Work to be completed:
Once you find the line with "Too much for" in the data below, transcribe exactly each line from there to the line with "Clarks Men's Leather", inclusive, and nothing else. Drop the pictures.

Records:
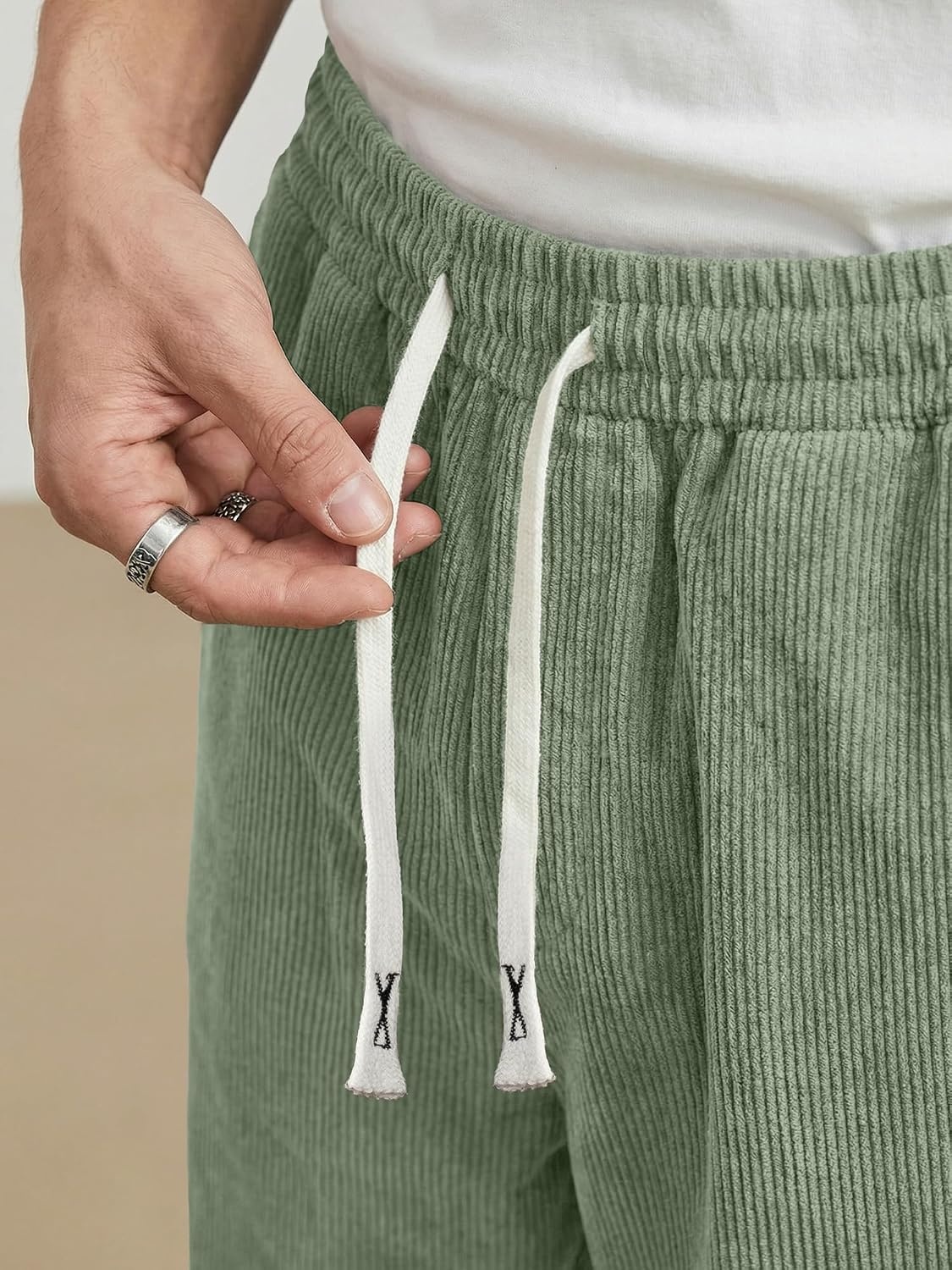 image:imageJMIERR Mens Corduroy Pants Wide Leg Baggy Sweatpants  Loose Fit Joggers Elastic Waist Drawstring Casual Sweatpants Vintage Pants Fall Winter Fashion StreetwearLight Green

---

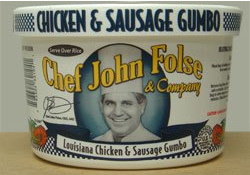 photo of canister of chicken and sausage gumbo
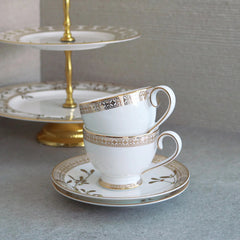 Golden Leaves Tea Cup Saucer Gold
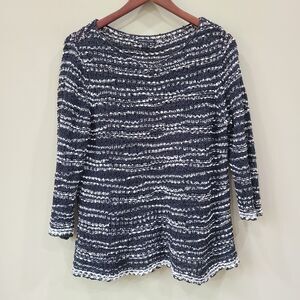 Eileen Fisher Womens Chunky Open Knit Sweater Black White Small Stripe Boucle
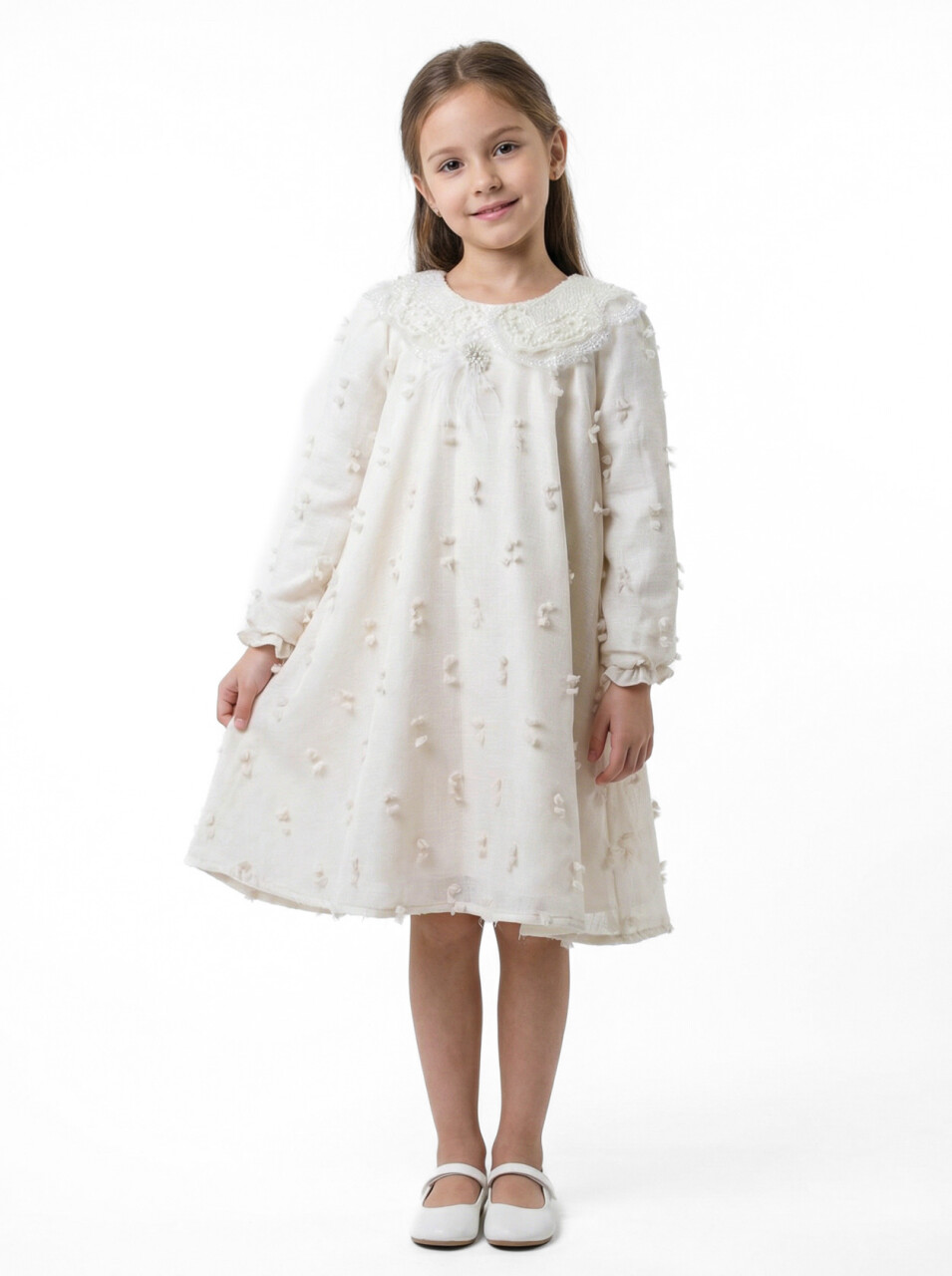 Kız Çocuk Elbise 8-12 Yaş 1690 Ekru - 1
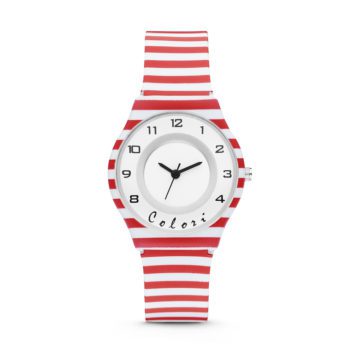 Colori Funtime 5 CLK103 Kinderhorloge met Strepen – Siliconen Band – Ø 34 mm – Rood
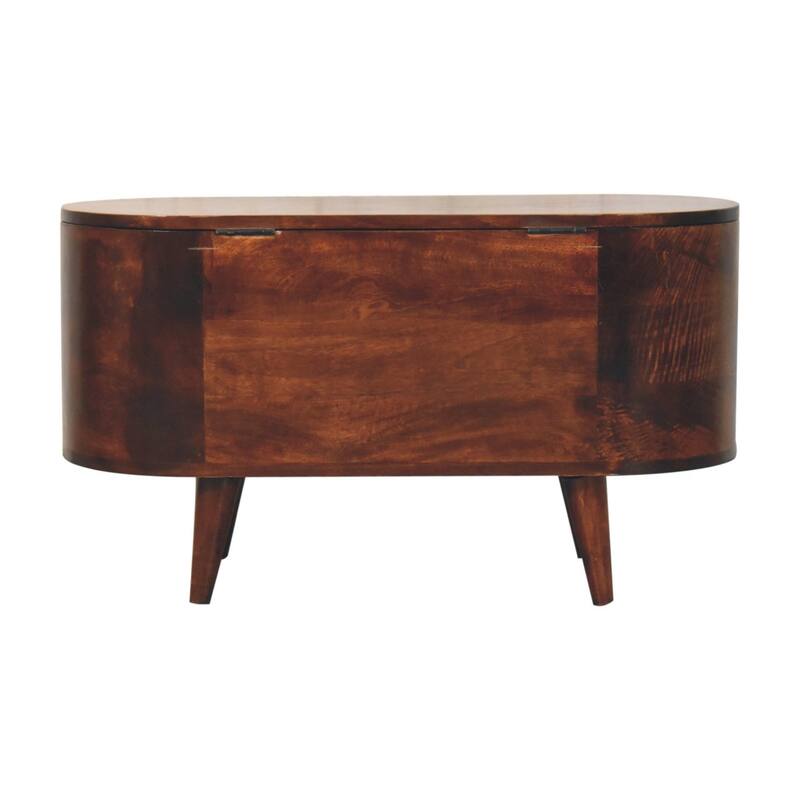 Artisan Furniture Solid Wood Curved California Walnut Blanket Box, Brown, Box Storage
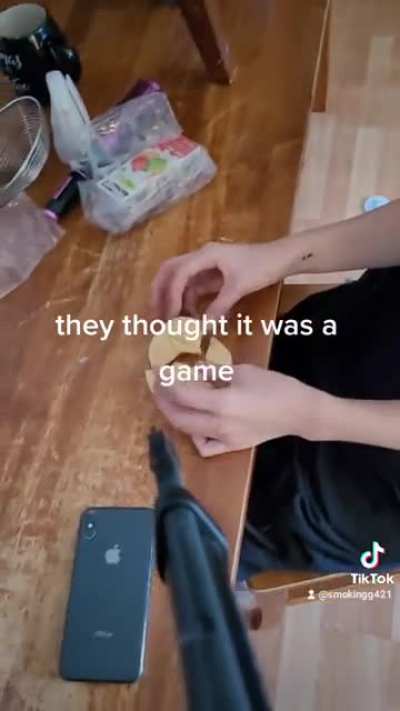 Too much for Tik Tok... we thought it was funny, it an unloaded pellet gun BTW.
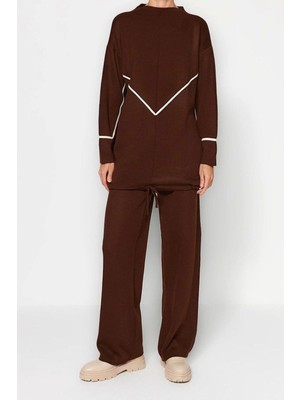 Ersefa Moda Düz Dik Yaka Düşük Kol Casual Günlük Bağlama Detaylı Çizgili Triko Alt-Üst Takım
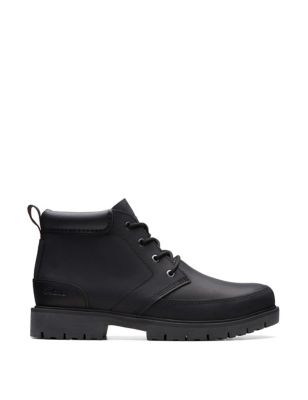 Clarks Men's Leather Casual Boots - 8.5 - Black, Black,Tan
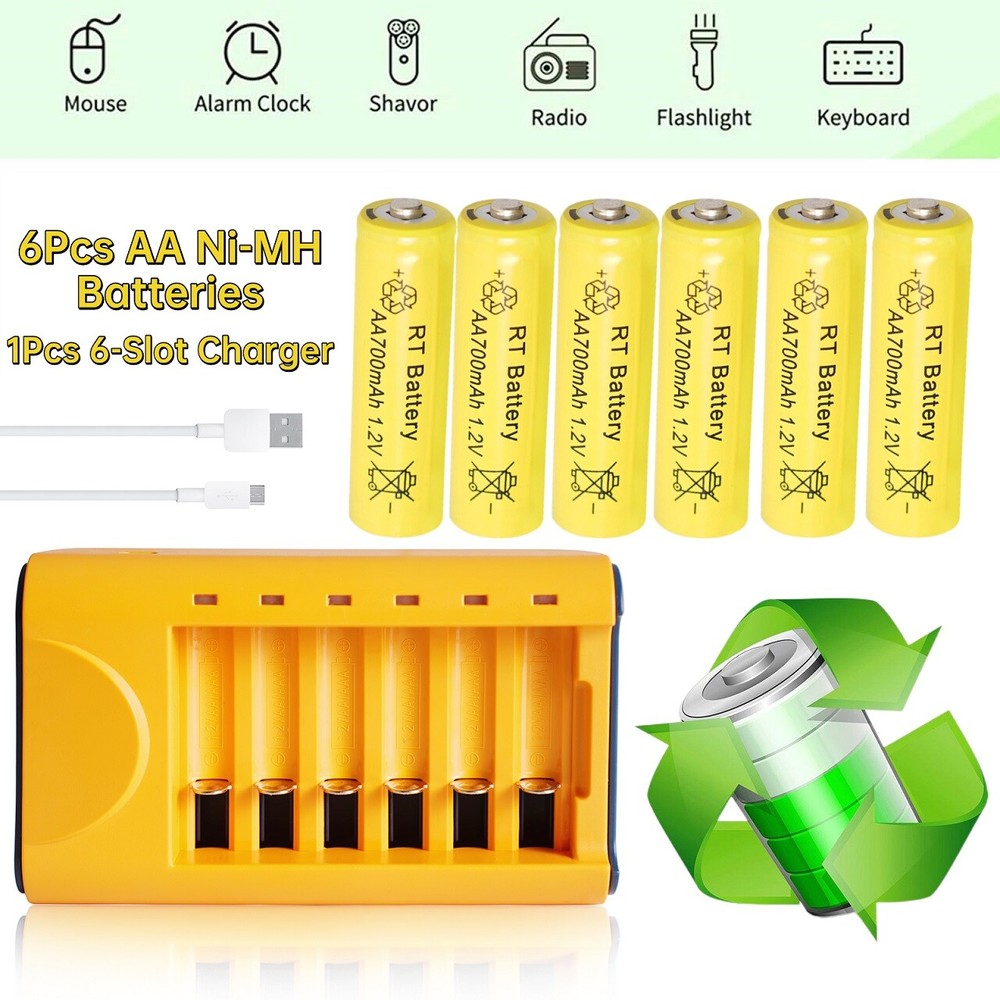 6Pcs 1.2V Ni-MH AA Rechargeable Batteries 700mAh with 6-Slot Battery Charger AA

Result:
 Too much for Tik Tok... we thought it was funny, it an unloaded pellet gun BTW.
 Ersefa Moda Düz Dik Yaka Düşük Kol Casual Günlük Bağlama Detaylı Çizgili Triko Alt-Üst Takım
 Clarks Men's Leather Casual Boots - 8.5 - Black, Black,Tan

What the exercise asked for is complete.